By Trafficking Prevention and Intervention Team
It’s National Human Trafficking Awareness Month. In an effort to spread more awareness, we want to talk about the often forgotten male survivors of trafficking and debunk a few misconceptions of trafficking.
Just like young females, we know that young males are exploited at high rates; however, they are recovered at a fraction of the rates of females. Criminal cases against their traffickers are prosecuted at even lower rates than females.
Why does this happen? The core of the issue is the way people subconsciously perceive a young female versus a male in a trafficking situation.
First of all, young males are more likely to be seen as more in control of their trafficking situation. For example, they are often found posting their own photos online whereas a young female is usually advertised by a pimp. Young males are also more likely to be seen as “complicit” in their trafficking. People will assume that they are “enjoying” the sexual component of their situation simply because they’re male.
Overall, males are less likely to be viewed as victims. They’re more likely to be seen as sexually deviant for the same trafficking situation in which a female is deemed a victim.
Misconceptions aside – what does a common trafficking situation look like for a young man?
Many males recovered from trafficking situations were left vulnerable after being rejected by their guardian because of their sexual orientation. The heartbreaking truth is that when these LGBTQ boys are forced out of their childhood homes and understandably walk straight into the welcoming arms of someone who “accepts” them for their sexual identity, this person holds a lot of power over the young male. In a common trafficking situation, this person inevitably confronts the young adult with a money issue and propositions him for help.

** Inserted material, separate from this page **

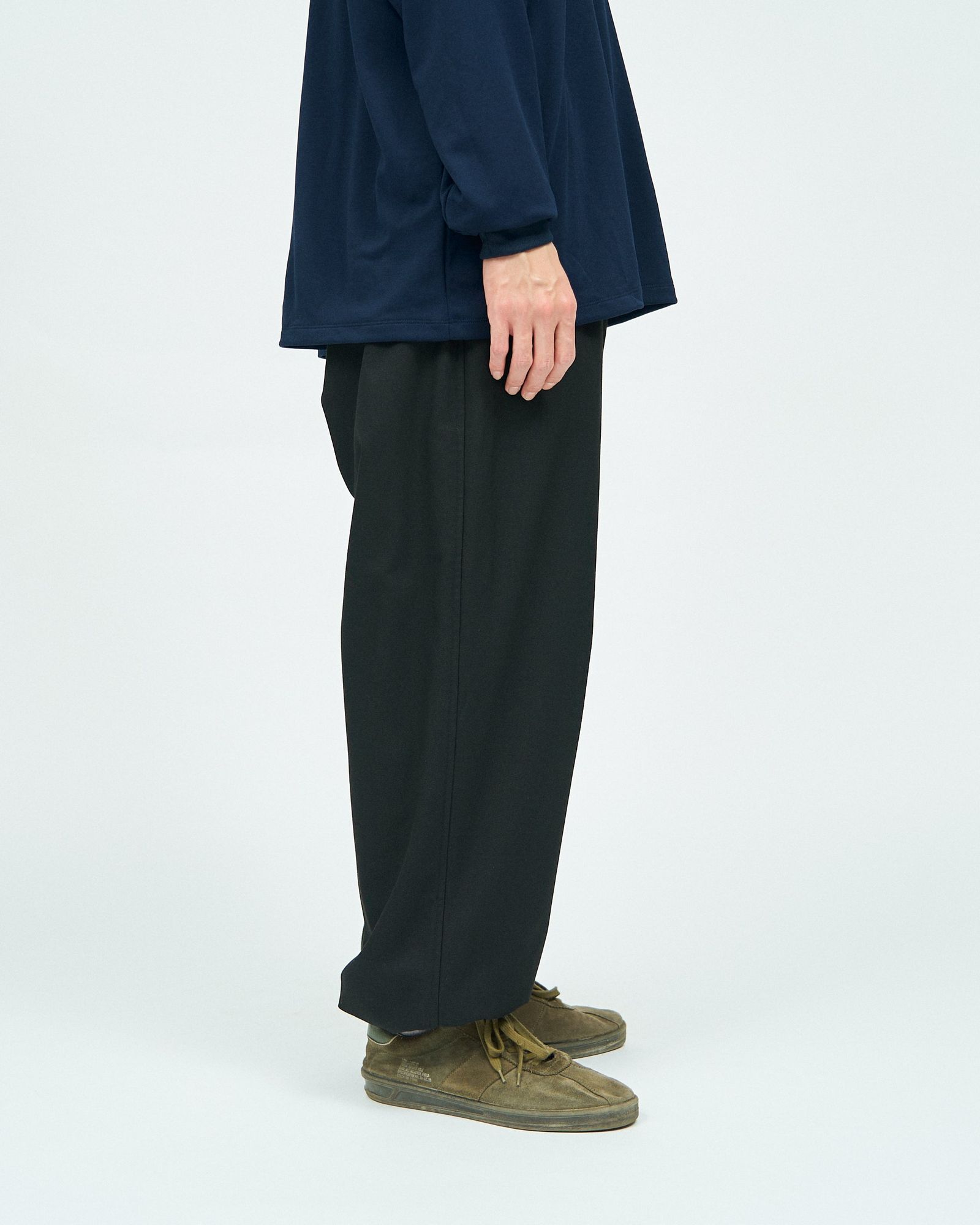フレッシュサービス WARM CLOTH TRACK PANTS w/Octa (FSC243-40175)BLACK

People don’t tend to think of traffickers as women; however, often times, the young male is coerced by a woman who leverages a maternal bond. In some ways, this sort of bond can be harder to break than the romantic relationship bond that traffickers tend to leverage with young females.
We at Covenant House Alaska firmly believe that our tactics to end human trafficking must include tools and language that are oriented to empowering both our young women and men out of their trafficking situations.
Young males are harder to place into after care services because of these harmful stigmas. We must be more open to talking about the truths of males and trafficking so that they can be equally set up for success.
Information in this post is sourced from a webinar called: “Boys: The Forgotten Sex Trafficking Victims” by the National Criminal Justice Training Center of Fox Valley Technical College.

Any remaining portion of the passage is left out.